How to complete this task: Find "Maria B | Mbroidered" in the entries below; copy that line through the last, exactly, with no pictures.

Provided entries:

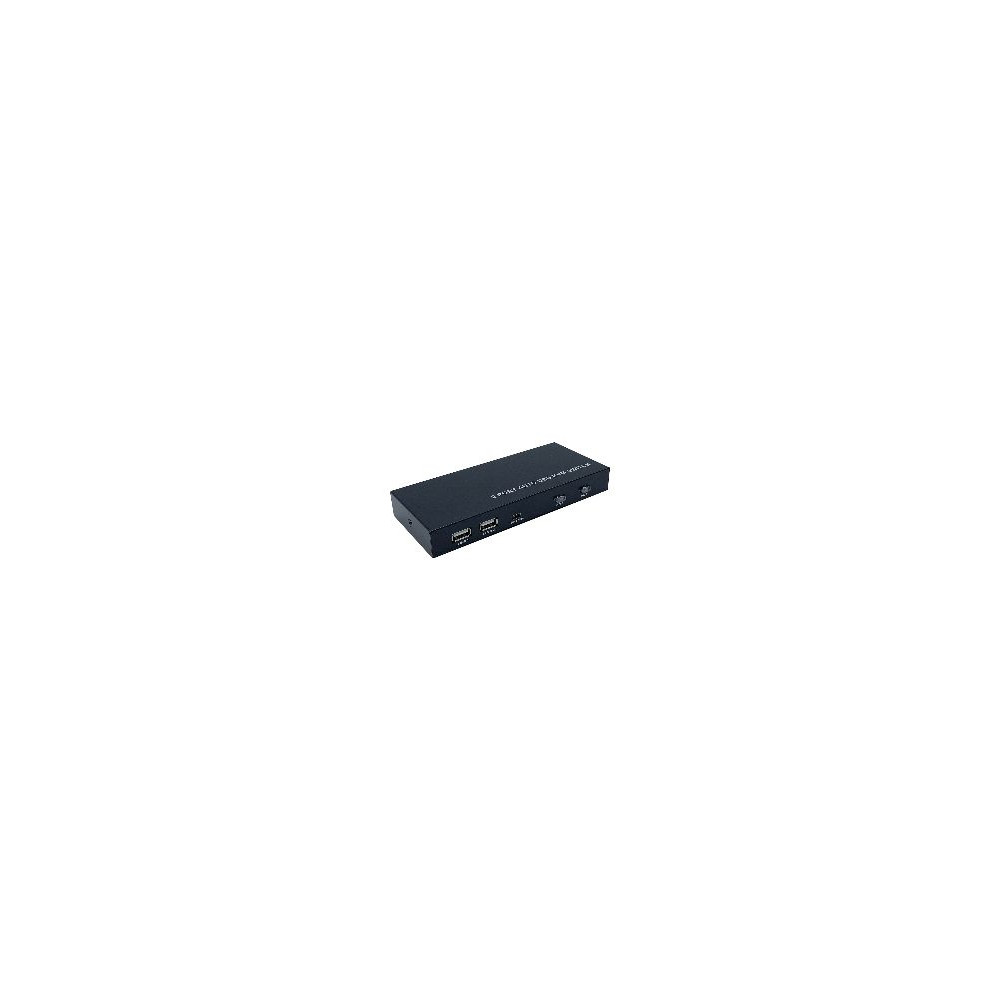 Conmutador Aisens Kvm 4k Usb 2.0 Hdmi Negro (a111-0400)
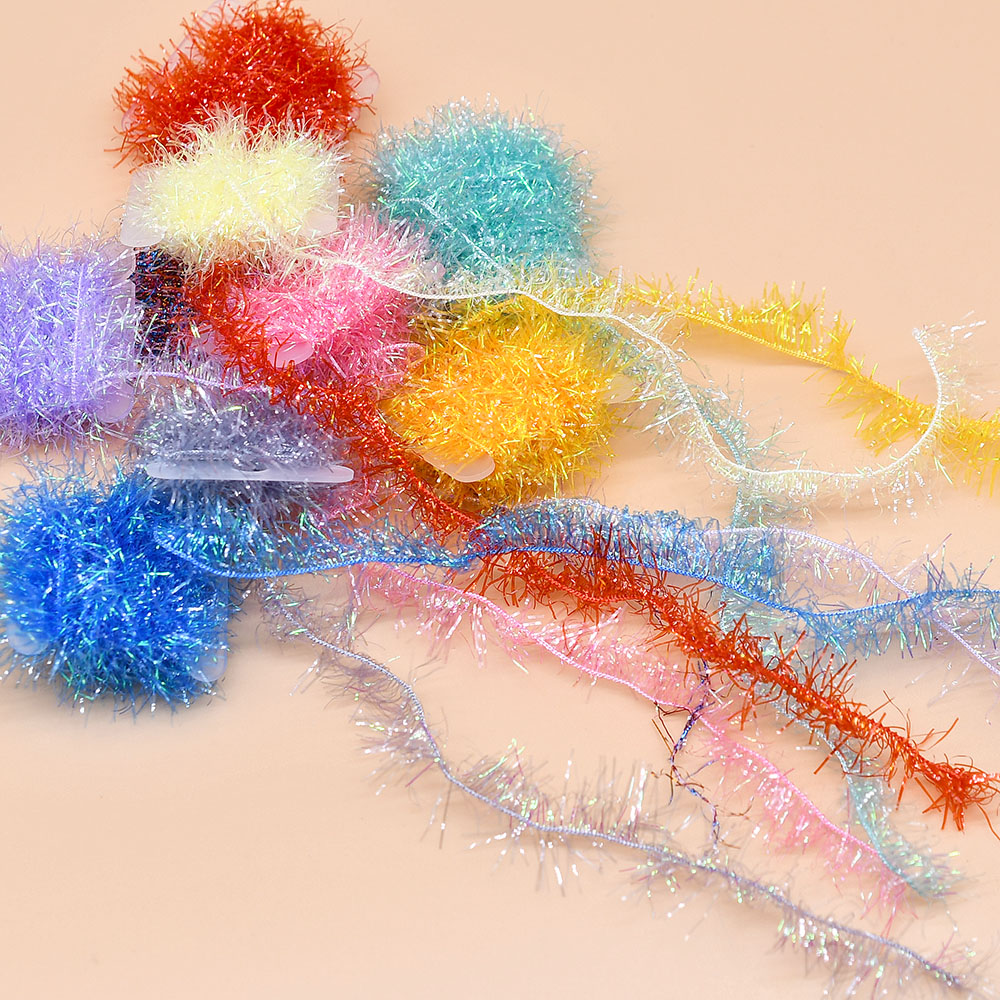 Ice Fishing Line - 2 Meter/Karte für Nymph Sparkle Fliegenbindematerial,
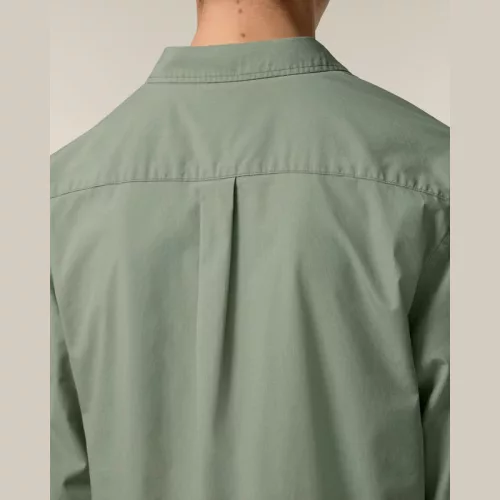 Stanley Styler férfi poplin ing (M, Soft Khaki)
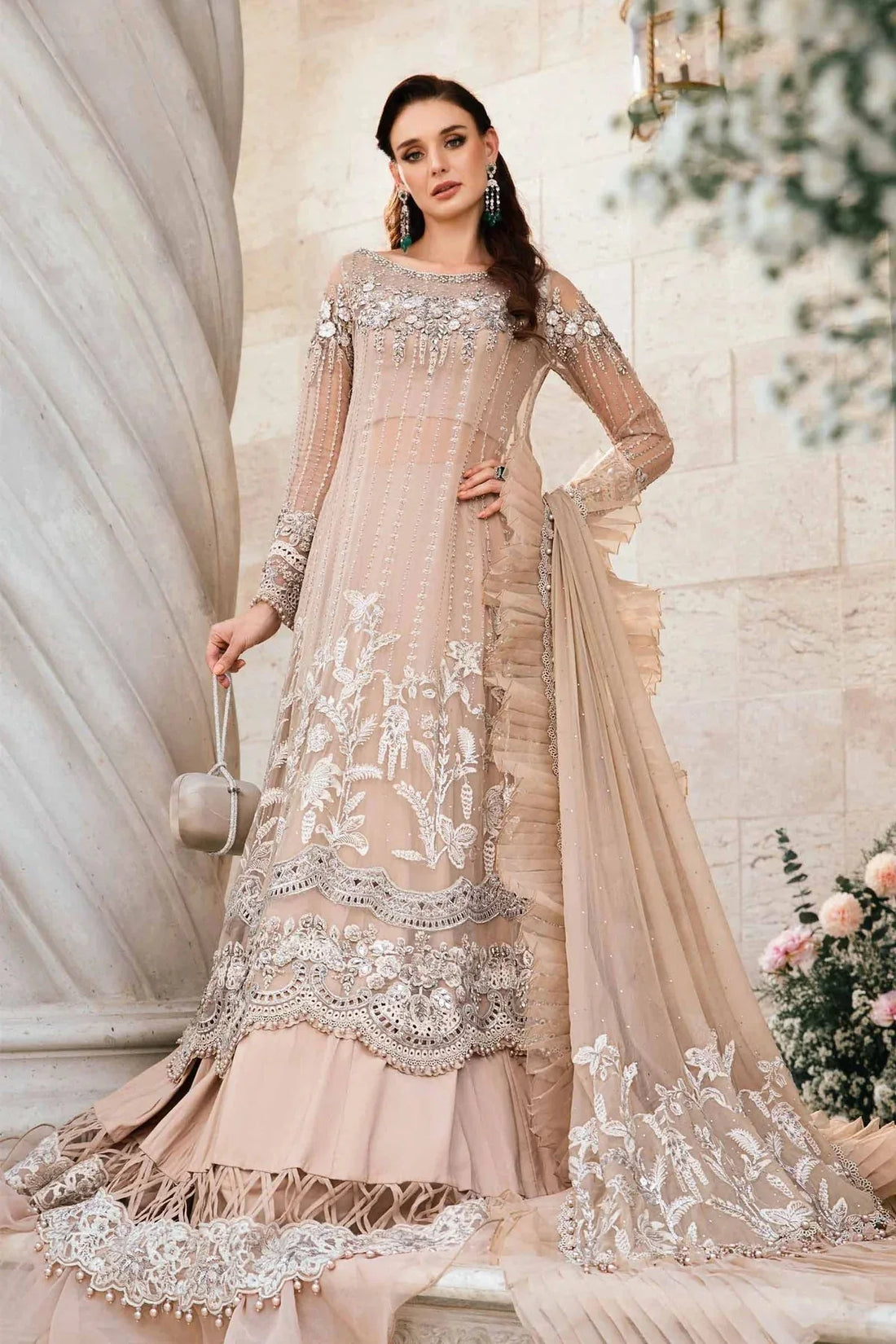 Maria B | Mbroidered Fabrics 2024 | BD-2801 - Rang-e-Khaas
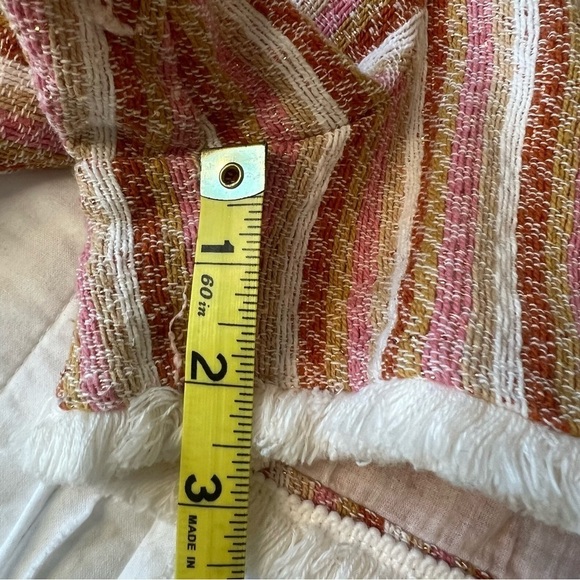 2/$30 THML boho fringe striped tulum shorts. SZ M - Picture 12 of 16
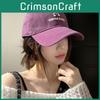 Purple Trendy Wide Brim Baseball Hat Women Soft Top Duckbill Cap Leisure Wear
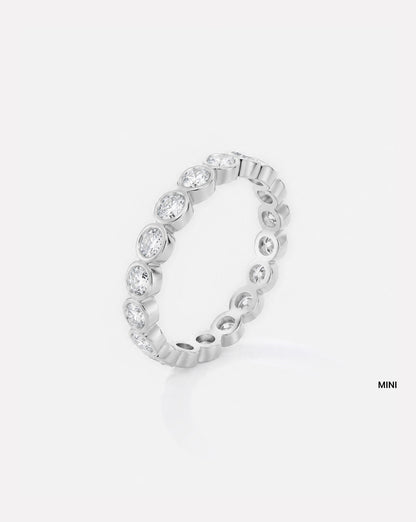 TCW Round Half Eternity Lab Grown Diamond Wedding Band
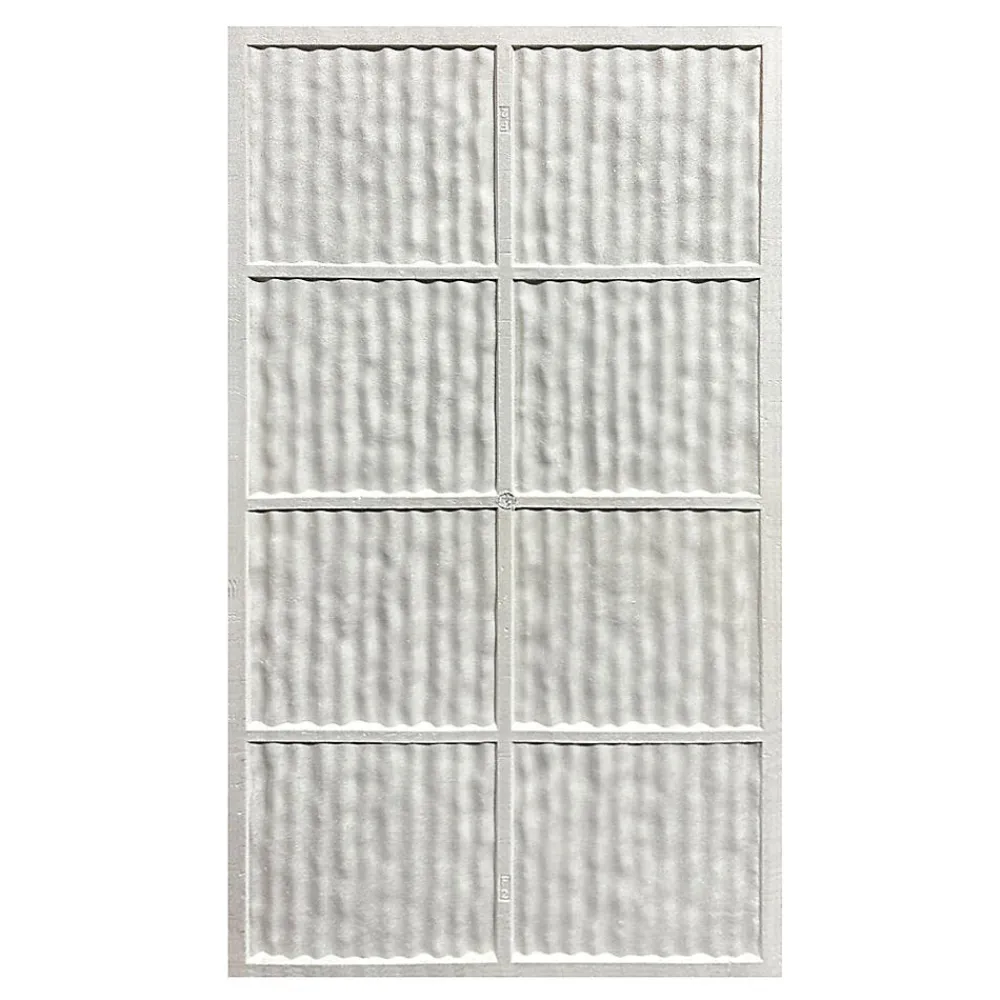 Divina Home Ensemble de 12 panneaux décoratifs effet pierre grattée 3D, revêtement mural PU 8,6 m², 120x60x2,5 cm, blanc albâtre- Panneau Mural Décoratif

Response to this exercise:
 Maria B | Mbroidered Fabrics 2024 | BD-2801 - Rang-e-Khaas
 2/$30 THML boho fringe striped tulum shorts. SZ M - Picture 12 of 16
 Purple Trendy Wide Brim Baseball Hat Women Soft Top Duckbill Cap Leisure Wear
 TCW Round Half Eternity Lab Grown Diamond Wedding Band
 Divina Home Ensemble de 12 panneaux décoratifs effet pierre grattée 3D, revêtement mural PU 8,6 m², 120x60x2,5 cm, blanc albâtre- Panneau Mural Décoratif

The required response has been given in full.